The firm, called Grasshopper Club, operates in the 2500-block of North Milwaukee Avenue. According to Block Club Chicago, Matthew, a commercial litigation attorney, oversees the business, while his brother, Chuck, runs the daily operations, and their mother, Dianne, handles the accounting.
“I’m working on the accounting aspects of this business,” Dianne Brewer said. On his part, Chuck Brewer said, “I’m totally excited. I retired 12 years ago and here I am working again.” “For me to be doing this legally with my brother and my mother, it’s priceless.”
Chuck has a history of cannabis; as a young man growing up, he was arrested for marijuana possession a couple of times. Since then, he has evolved to become a cannabis dispensary owner, and the journey did not come easy.
The quest to establish the business began in 2019 when Gov. JB Pritzker signed an equity-centric law to legalize adult-use cannabis in Illinois. In a statement, the governor noted that the law “promotes equity and invests in the communities that suffered through the war on drugs, serving as a model for the legalization and decriminalization of cannabis.”
“As the first state in the nation to fully legalize adult-use cannabis through the legislative process, Illinois exemplifies the best of democracy: a bipartisan and deep commitment to better the lives of all of our people,” said Gov. JB Pritzker.
“Legalizing adult-use cannabis brings an important and overdue change to our state, and it’s the right thing to do.
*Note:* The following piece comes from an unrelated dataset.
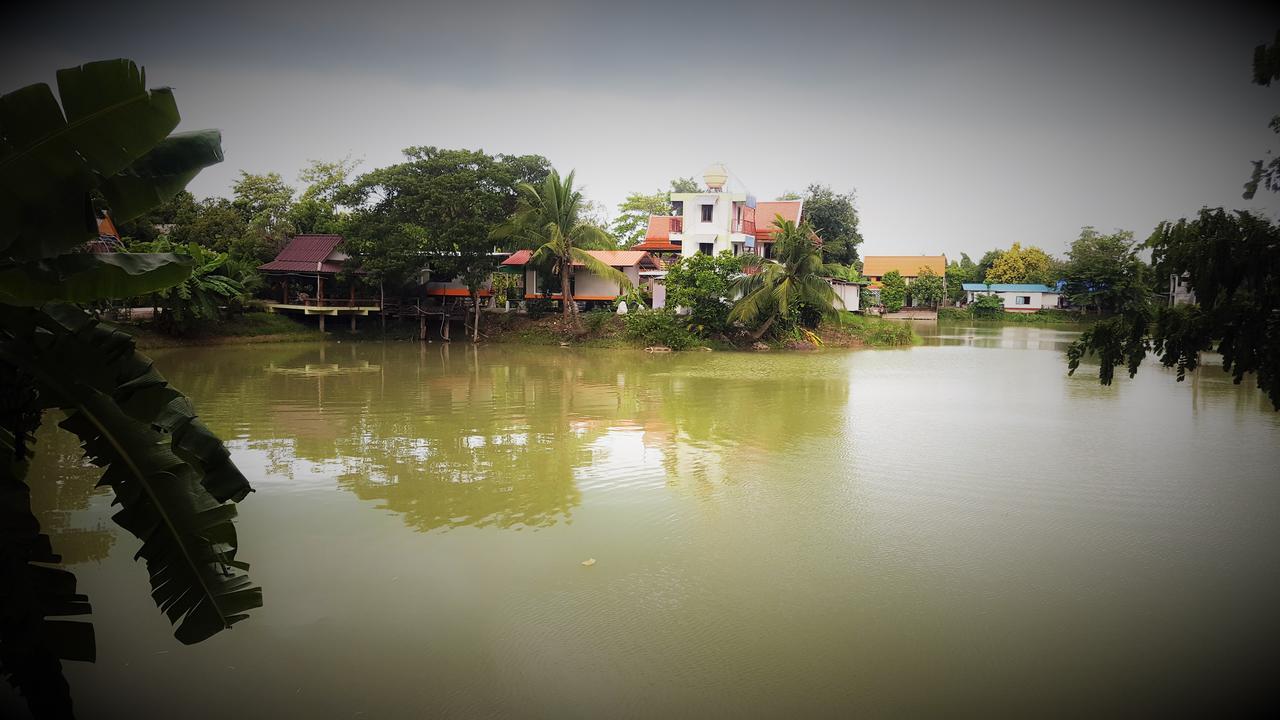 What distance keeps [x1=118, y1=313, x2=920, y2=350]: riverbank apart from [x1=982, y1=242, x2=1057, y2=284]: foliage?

This legislation will clear the cannabis-related records of nonviolent offenders through an efficient combination of automatic expungement, gubernatorial pardon, and individual court action. I’m so proud that our state is leading with equity and justice in its approach to cannabis legalization and its regulatory framework. Because of the work of the people here today and so many more all across our state, Illinois is moving forward with empathy and hope.”
Giving ownership opportunities to minorities disproportionately affected by illegal use was a big part of Illinois’ law to legalize cannabis.
“They call it social equity, but you’ve got to have the money to be able to open and many African Americans don’t have that money,” Dianne said.
Today, the Brewer family is focused on supporting other African Americans to open more independent dispensaries.